Running is getting to know yourself
to an extreme degree.”
Ian Thompson
world champion
Running has long been known as a natural meditation for recreational athletes. Then suddenly, a few decades ago, running moved into the spotlight when it also became known as a “positive addiction,” thanks to the so-called “runners high,” where the runner, the running, and the world move in harmony.
Back in the mid-seventies—about the time the relaxation response and transcentental meditation were emerging as hot topics—noted psychiatrist William Glasser, M.D., author of the bestseller Reality Therapy, was working on a research project to determine if people could become addicted to positive behavior.

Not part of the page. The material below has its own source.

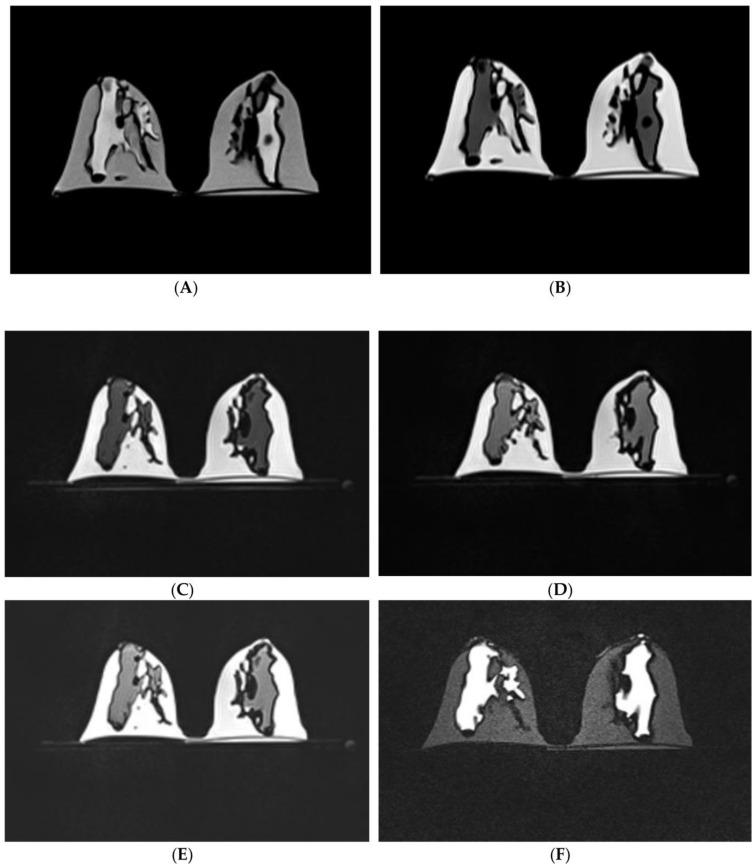 https://cdn.ncbi.nlm.nih.gov/pmc/blobs/a47b/9959835/c2999f37812b/micromachines-14-00464-g017.jpg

His research covered a wide range of activities: singing and playing musical instruments, knitting, yoga, exercise, weightlifting, hiking, swimming, cycling, rock climbing—and running—which Glasser ultimately concluded is not only America’s most common positive addiction, it is also “the hardest but surest way to positive addiction.”
Early in his research Dr. Glasser contacted Joe Henderson, editor of Runner’s World magazine, about his idea that running was a positive addiction. Henderson, a self-admitted eighteen-year running addict, loved the idea and featured Glasser’s questionnaire in the magazine.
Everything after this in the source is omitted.